The required output is the exact run of lines below that opens at the line with "Gamma Kitty Akbars" and closes at the line with "Wading Prints: Common".

### Task data:
------------------------------

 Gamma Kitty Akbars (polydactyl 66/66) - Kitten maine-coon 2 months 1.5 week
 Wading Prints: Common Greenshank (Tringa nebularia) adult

------------------------------

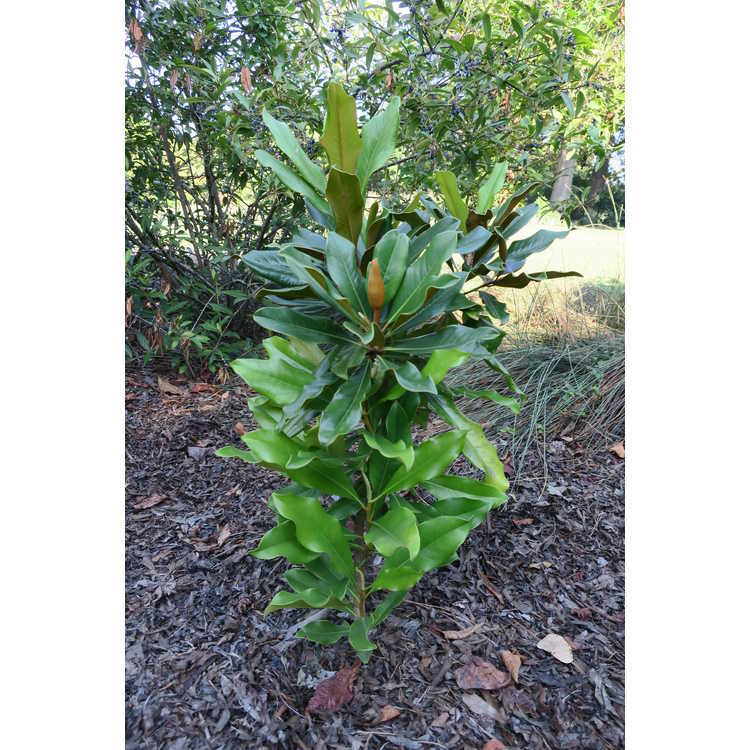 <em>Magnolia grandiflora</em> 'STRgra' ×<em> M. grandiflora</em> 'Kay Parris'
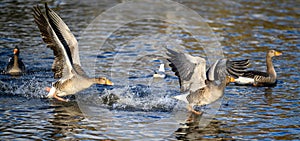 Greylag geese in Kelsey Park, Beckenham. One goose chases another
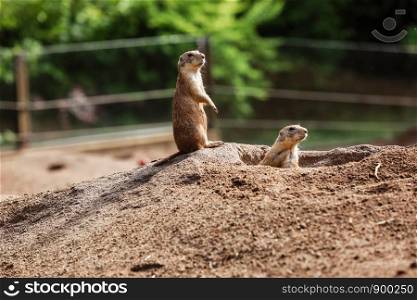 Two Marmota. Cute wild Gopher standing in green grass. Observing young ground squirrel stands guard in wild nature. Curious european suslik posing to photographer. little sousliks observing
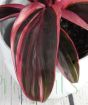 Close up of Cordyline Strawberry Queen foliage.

------------------------------

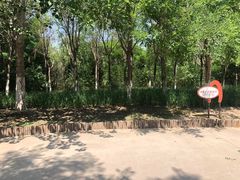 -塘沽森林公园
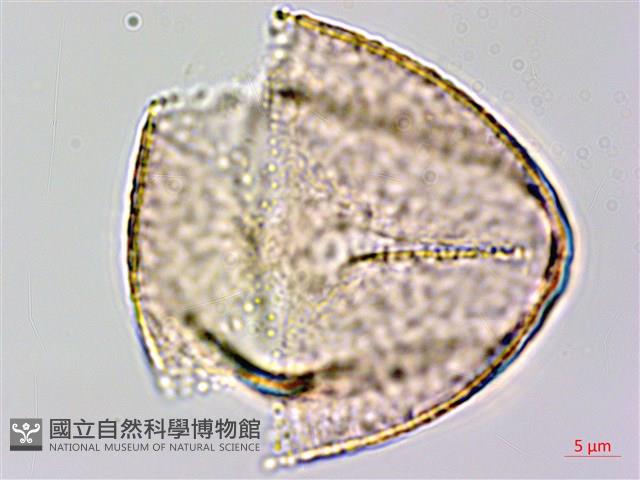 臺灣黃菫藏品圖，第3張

------------------------------

### Your response:
 Gamma Kitty Akbars (polydactyl 66/66) - Kitten maine-coon 2 months 1.5 week
 Wading Prints: Common Greenshank (Tringa nebularia) adult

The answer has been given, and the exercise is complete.